The oui-tooltip
provides a text label that is displayed when the user hovers
over an element.
import { OuiTooltipModule } from '@oncehub/ui';
@NgModule({
imports: [
OuiTooltipModule
]
})
<!-- default tooltip -->
<button ouiTooltip="Button Tooltip" oui-button color="primary"></button>
<!-- tooltip with above position -->
<button
ouiTooltip="Button Tooltip"
ouiTooltipPosition="above"
oui-button
color="primary"
></button>
Input | Type | Default | Description |
---|---|---|---|
ouiTooltip | string | empty | Tooltip Text |
ouiTooltipPosition | string | below | 'left','right' , 'above' , 'below' |
ouiTooltipDisabled | boolean | false | Whether the tooltip is disabled |
ouiTooltipClass | string | null | Used to set class on underlying element. |
Method | Description |
---|---|
show | Show the tooltip |
hide | Hide the tooltip |
The tooltip will be displayed below the element but this can be configured using the
ouiTooltipPosition
input.
The tooltip can be displayed above, below, left, or right of the element. By default the position
will be below.
Position | Description |
---|---|
above |
Always display above the element |
below |
Always display beneath the element |
left |
Always display to the left of the element |
right |
Always display to the right of the element |
By default, the tooltip will be immediately shown when the user's mouse hovers over the tooltip's trigger element and immediately hides when the user's mouse leaves.
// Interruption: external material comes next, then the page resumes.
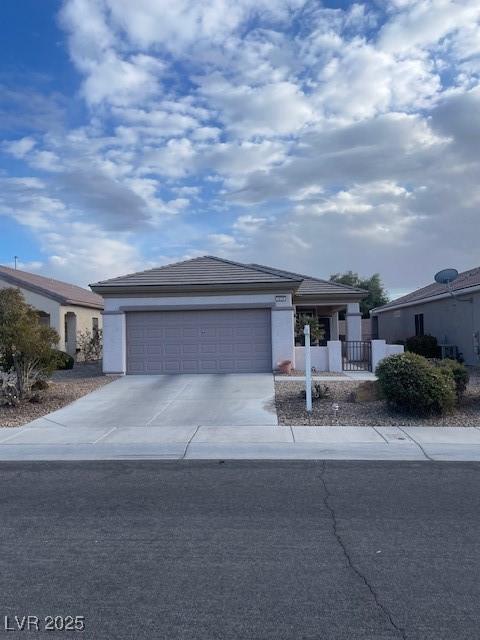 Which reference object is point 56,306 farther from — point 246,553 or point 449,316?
point 246,553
To manually cause the tooltip to show or hide, you can call the show
and hide
directive methods.
To completely disable a tooltip, set ouiTooltipDisabled
. While disabled, a tooltip will never be
shown.
https://stackblitz.com/edit/oui-tooltip
You can click here and can change code to try and test different scenarios.
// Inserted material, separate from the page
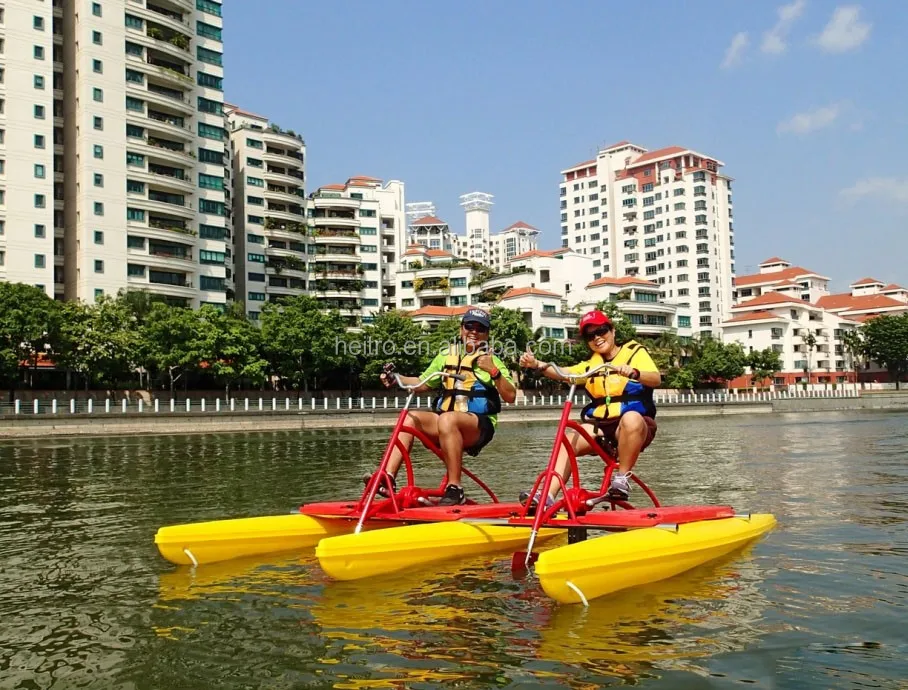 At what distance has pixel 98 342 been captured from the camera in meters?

Elements with the ouiTooltip
will add an aria-describedby
label that provides a reference
to a visually hidden element containing the tooltip's message. This provides screenreaders the
information needed to read out the tooltip's contents when the end-user focuses on the element
triggering the tooltip. The element referenced via aria-describedby
is not the tooltip itself,
but instead an invisible copy of the tooltip content that is always present in the DOM.